The film is set somewhere in South America, where a wealthy father encourages his son’s enthusiasm for racing cars to keep him from joining a leftist political group. However, the son’s car is destroyed in a crash, and he rejects his father’s offers of money, partly out of resentment surrounding his parents’ divorce. The son feels guilty for having lost touch with his mother after this; she now lives on a plantation and plans to remarry. (It emerges that Valentin’s parents separated and his father died, but he refuses to make the connection even when Molina points it out.) The father in the movie is kidnapped by guerillas and killed, and the son reunites with his mother.

Valentin vomits, and Molina cleans him up. Trying to relax, Valentin attempts to sleep. He dreams of different people, including a woman “with the power to forget what would have only become a burden” (125), a father “who rarely talked to his son” (127), a classmate “who perhaps needs to sacrifice a friend to continue the fight” (128), and a girl “who gets used up and tossed aside” (129). 

Molina makes the last of her tea for Valentin, and Valentin opens up to her, thanking her and confessing that the woman he has been talking about is not actually his current girlfriend; rather, she is an ex named Marta, who left the political group while they were together. Valentin is about to explain more about his involvement with the revolutionary group, but Molina stops him, saying she doesn’t want to know the information in case she is interrogated.

Chapters 5-6 Analysis

Stream-of-consciousness is first used in Kiss of the Spider Woman in Chapter 5, when Molina tells herself a story while Valentin is studying. Molina’s thoughts center on various significant relationships; she thinks of her mother, of Gabriel, and of Valentin, all while pondering a movie plot about two characters who have fallen in love despite societal rejection. Movies are the novel’s central motif, and all of them comment in some way on Molina, Valentin, and the relationship between them. In this case, the parallel is straightforward: Both Valentin and Molina are marginalized and oppressed, albeit for different reasons, and the movie gives Molina hope that they might find acceptance in one another. The words Molina recalls the soldier saying to the maid are equally applicable to Molina and Valentin: “[Y]ou’re as sad and lonely as I am, and so perhaps we could join together, but with nothing more to it than a contract, an arrangement between just friends?” (107). However, Molina’s explicit thoughts about Valentin are more ambivalent:  “I’m certainly not going to tell [Valentin] another word about anything I like, so he can’t laugh anymore about how soft I am, we’ll see if ever he weakens or not” (112). Molina’s resentment of Valentin’s attitude toward her favorite movies is clear, but the passage also hints that something is at stake for Molina in her conversations with Valentin. The glimpse into Molina’s thoughts thus adds depth to her characterization and foreshadows the reveal that she is spying on Valentin.
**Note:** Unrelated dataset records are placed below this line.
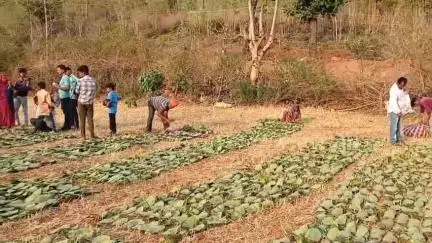बड़ा मलेहरा: बड़ामलहरा में तेन्दू पत्ता संग्रहण पूर्ण, 14,680 बोरा पत्ता संग्रहीत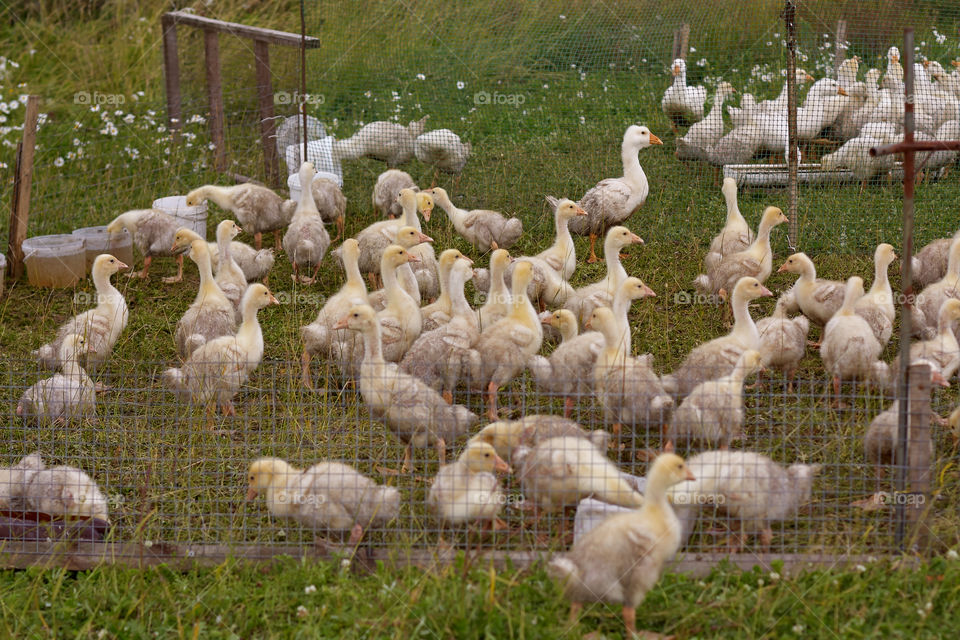 rural life of geese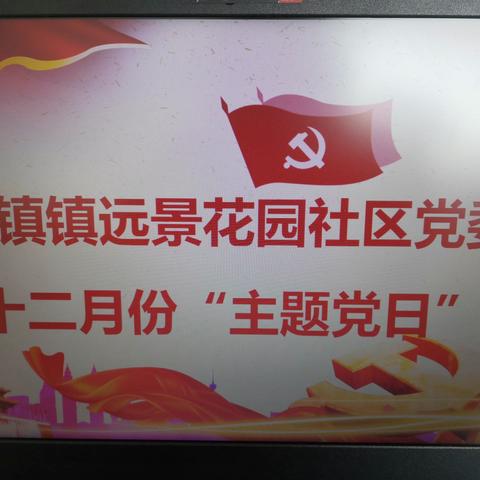 远景花园社区党委开展2022年12月份“高效统筹疫情防控和经济社会发展”主题党日活动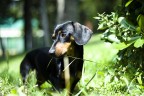 Lilly Lilly
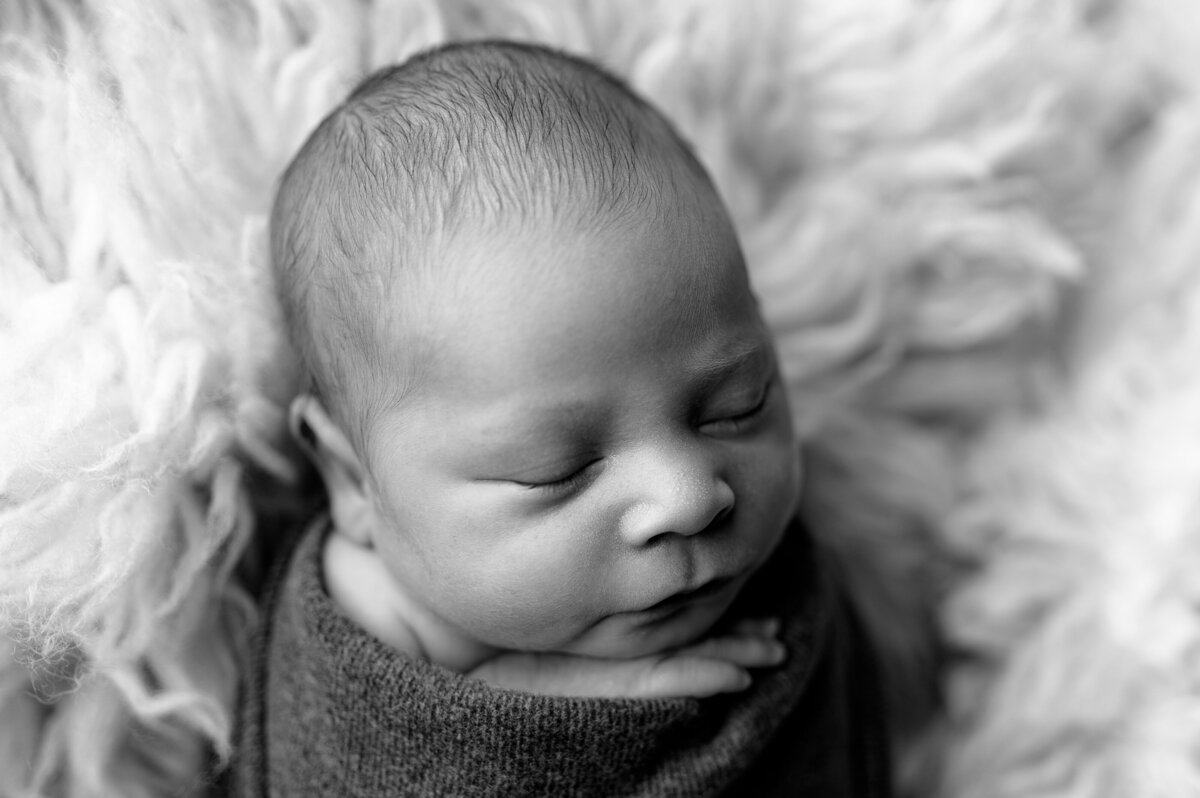 kc newborn photo session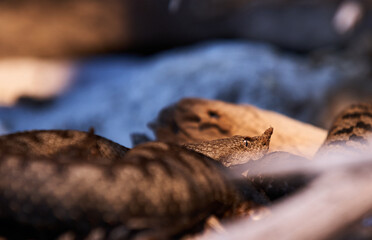 Closeup of Horned Viper. Head Eyes and Horn in focus. Snake head.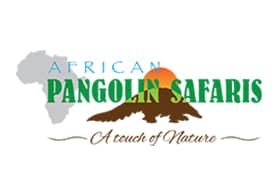 African Pangolin Safaris
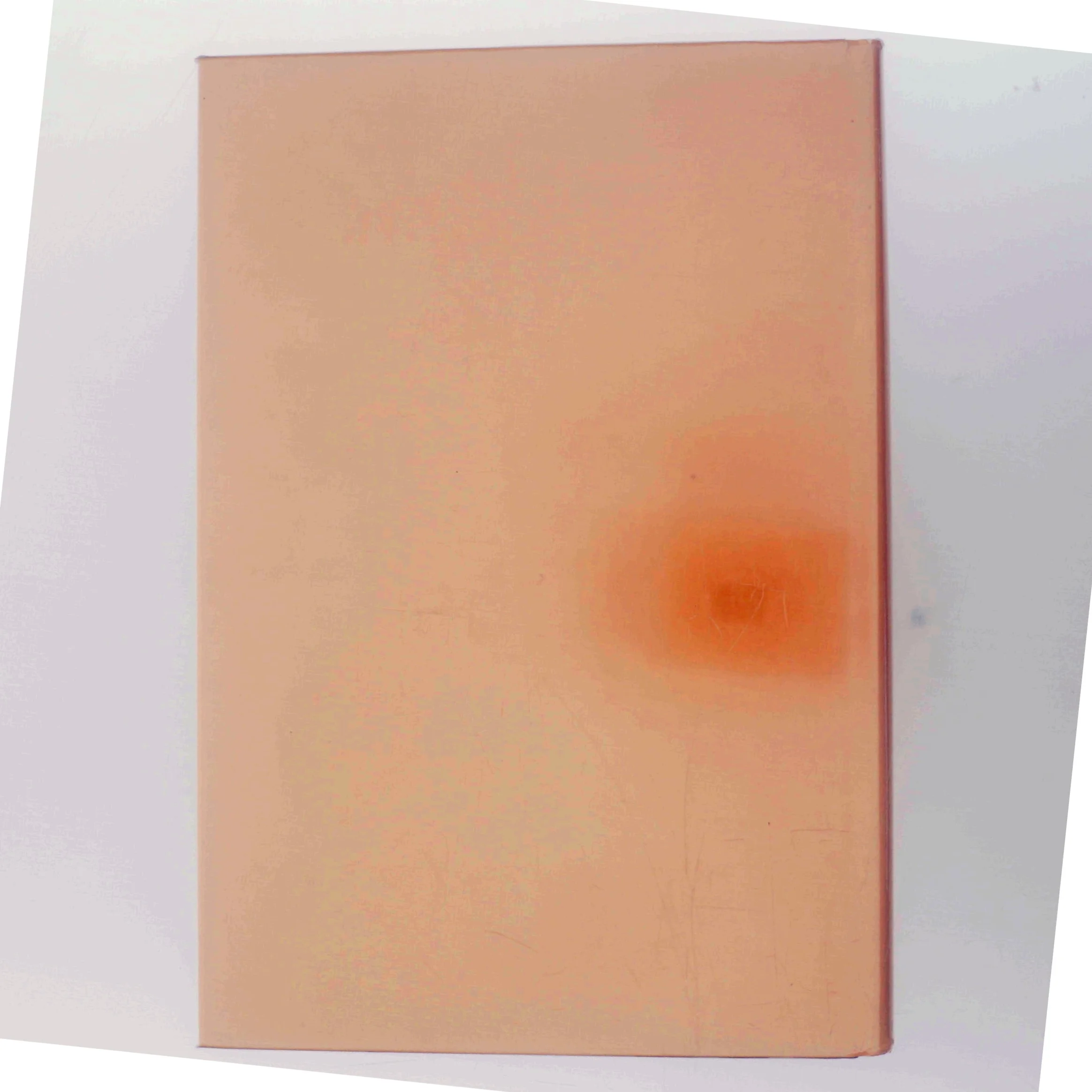 A Collector's Guide to Tea Silver 1670-1900 af Elizabeth de Castres (Bog)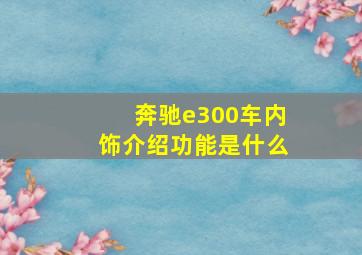 奔驰e300车内饰介绍功能是什么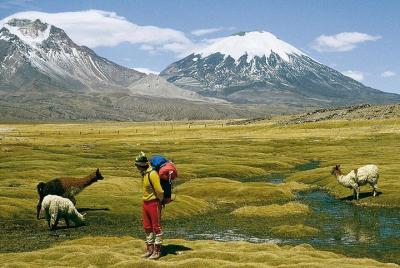 4-Days Unique Experience at the Chilean High Plateau 4-Days Unique Experience at the Chilean High Plateau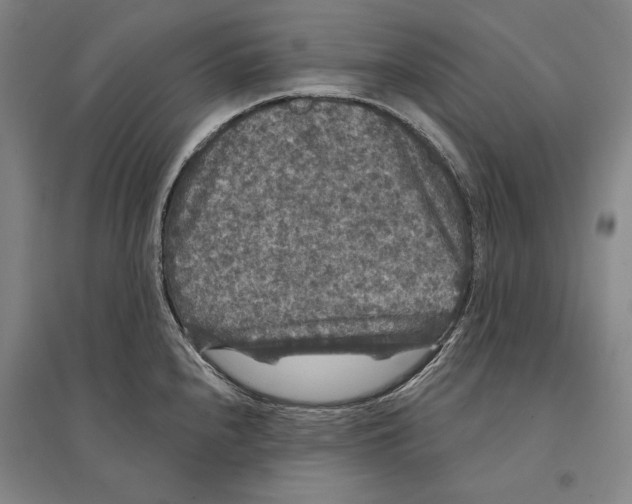 X0000095511240200801111406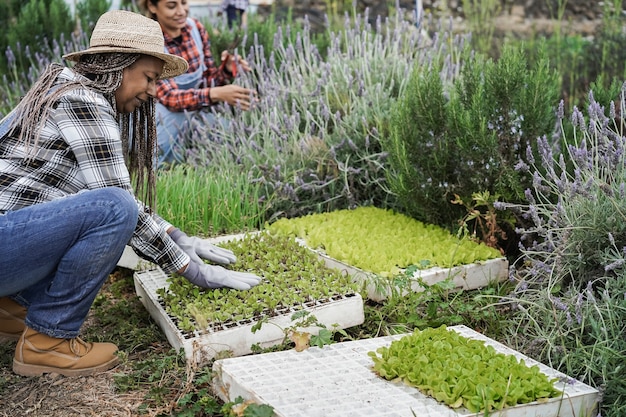 Los trabajadores agrícolas senior que preparan las plántulas en una caja con tierra dentro de la granja de hortalizas - Se centran en el rostro de la mujer africana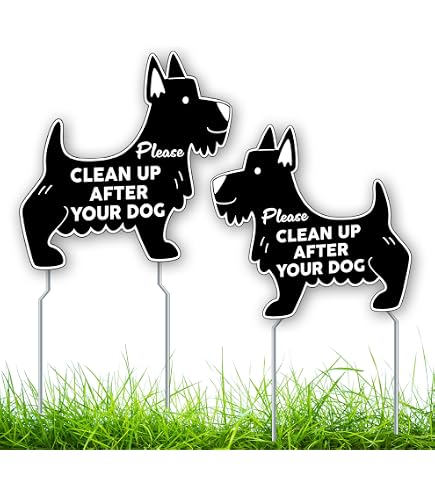 Schild „Clean Up After Your Dog“ Mit Lustigem Kamera-Hinweis – Wetterfest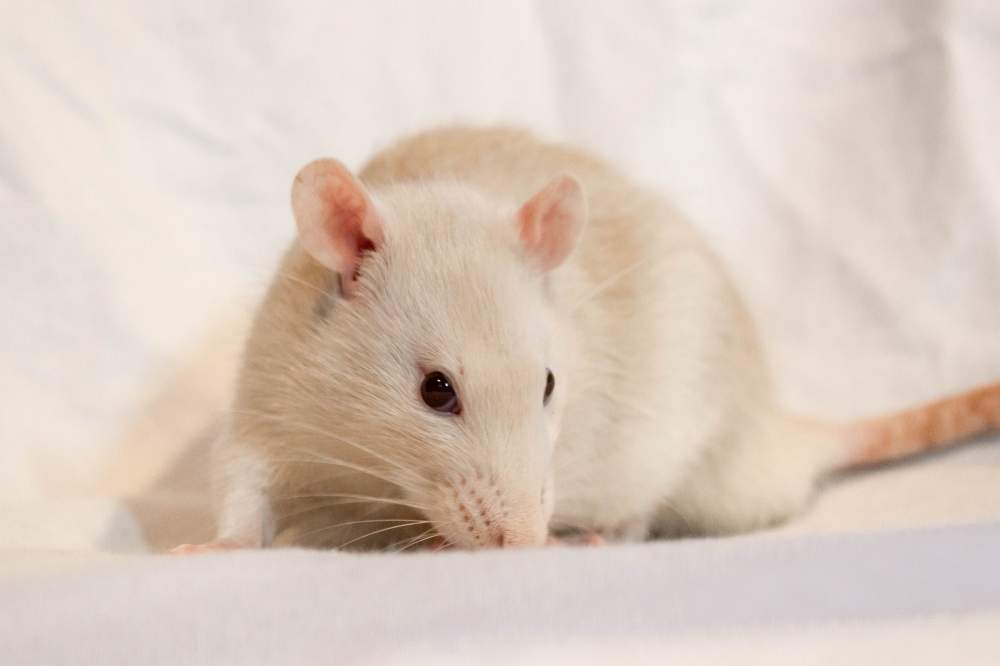 Fancy rat Available for rehoming Rattus norvegicus 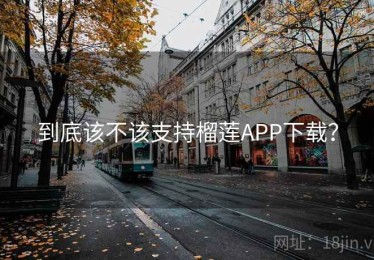 到底该不该支持榴莲APP下载？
Further hints of Molina’s motivations appear when Valentin gets sick: Molina starts to ask him questions and even chooses a movie that relates to his own situation as a mode of manipulating him to speak. That Valentin opens up about his mother indicates that he is beginning to warm to Molina. Molina also confides in Valentin, which could indicate growing closeness on her part or merely further manipulation. Collectively, their interactions continue deepening the theme of The Power of Language.

The pair’s arguments about political movements in particular also develop the theme of The Meaning and Value of Liberation. Molina calls politicians “crooks,” indicating deep cynicism regarding the possibility of enacting change through political means. While Valentin would undoubtedly agree that the existing political system is deeply flawed, he refuses to give up on engaging in politics, saying, “Only a flawed conception of responsibility makes one stay away from political involvement. Rather, my responsibility is precisely to stop people from dying of hunger, and that’s why I go on with the struggle” (104). These differing attitudes toward political action inform the kind of “escape” each character seeks and the way each goes about seeking it.